All wired up: New molecular wires for single-molecule electronic devices
Scientists at Tokyo Institute of Technology designed a new type of molecular wire doped with organometallic ruthenium to achieve unprecedentedly higher conductance than earlier molecular wires. The origin of high conductance in these wires is fundamentally different from similar molecular devices and suggests a potential strategy for developing highly conducting "doped" molecular wires.
Since their conception, researchers have tried to shrink electronic devices to unprecedented sizes, even to the point of fabricating them from a few molecules. Molecular wires are one of the building blocks of such minuscule contraptions, and many researchers have been developing strategies to synthesize highly conductive, stable wires from carefully designed molecules.

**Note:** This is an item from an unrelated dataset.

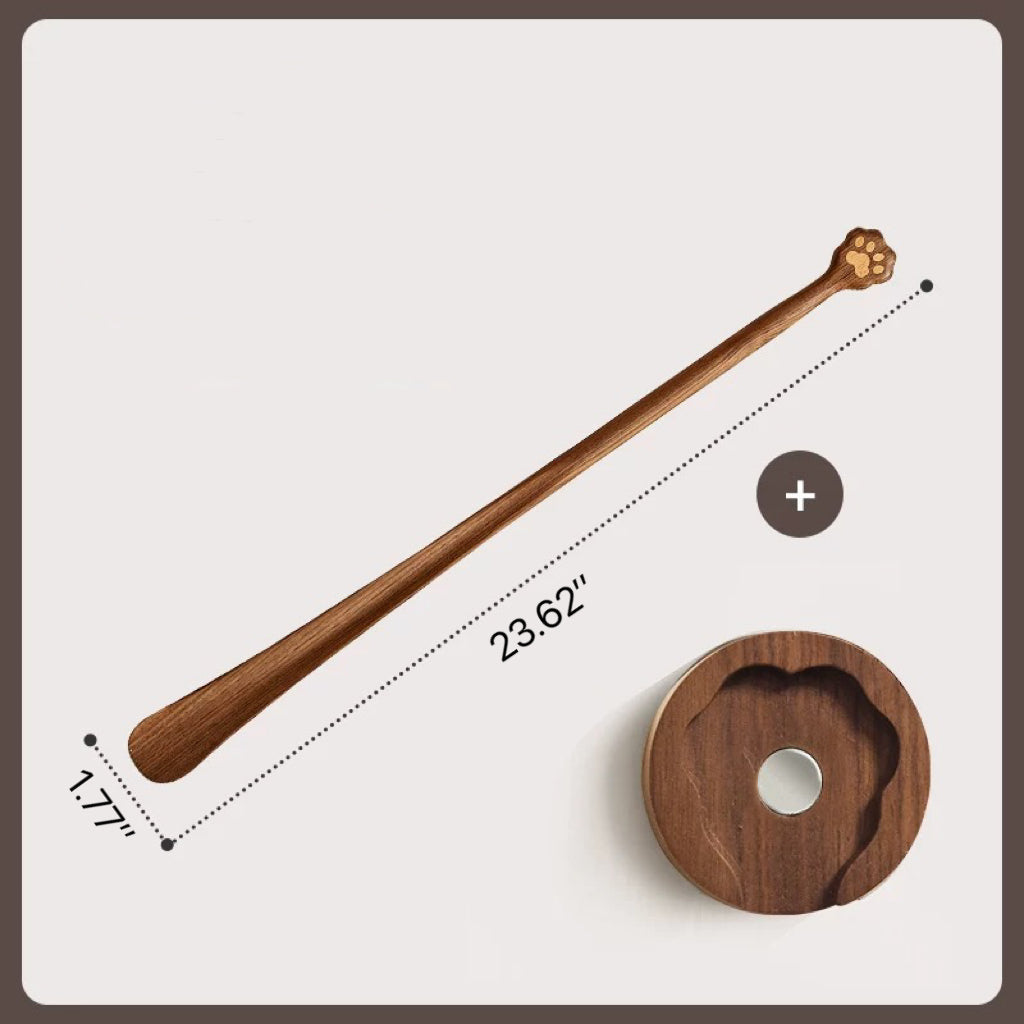Black Walnut Shoehorn with Cat Paw & Long Handle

A team of researchers from Tokyo Institute of Technology, including Yuya Tanaka, designed a novel molecular wire in the form of a metal electrode-molecule-metal electrode (MMM) junction including a polyyne, an organic chain-like molecule, "doped" with a ruthenium-based unit Ru(dppe)2. The proposed design, featured in the cover of the Journal of the American Chemical Society, is based on engineering the energy levels of the conducting orbitals of the atoms of the wire, considering the characteristics of gold electrodes.

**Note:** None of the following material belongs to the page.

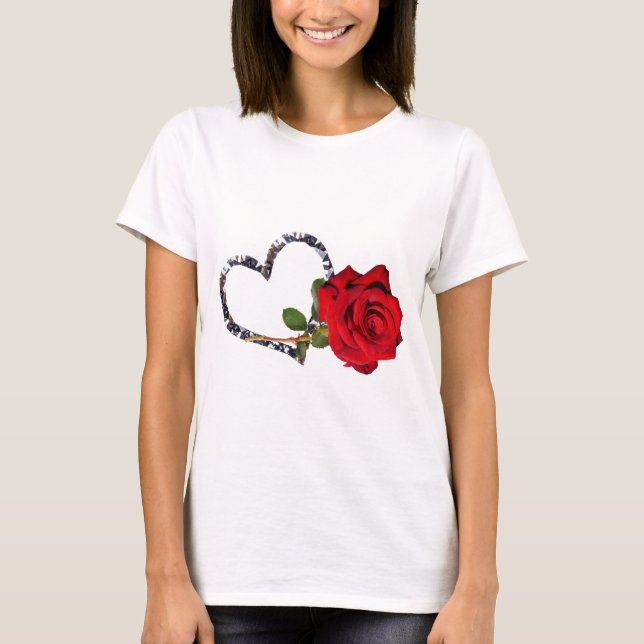 Camiseta flor rosa roja (Anverso)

Using scanning tunneling microscopy, the team confirmed that the conductance of these molecular wires was equal to or higher than those of previously reported organic molecular wires, including similar wires "doped" with iron units. Motivated by these results, the researchers then went on to investigate the origin of the proposed wire's superior conductance. They found that the observed conducting properties were fundamentally different from previously reported similar MMM junctions and were derived from orbital splitting. In other words, orbital splitting induces changes in the original electron orbitals of the atoms to define a new "hybrid" orbital facilitating electron transfer between the metal electrodes and the wire molecules. According to Tanaka, "such orbital splitting behavior has rarely been reported for any other MMM junction".
Since a narrow gap between the highest (HOMO) and lowest (LUMO) occupied molecular orbitals is a crucial factor for enhancing conductance of molecular wires, the proposed synthesis protocol adopts a new technique to exploit this knowledge, as Tanaka adds "The present study reveals a new strategy to realize molecular wires with an extremely narrow HOMO?LUMO gap via MMM junction formation."
This explanation for the fundamentally different conducting properties of the proposed wires facilitate the strategic development of novel molecular components, which could be the building blocks of future minuscule electronic devices.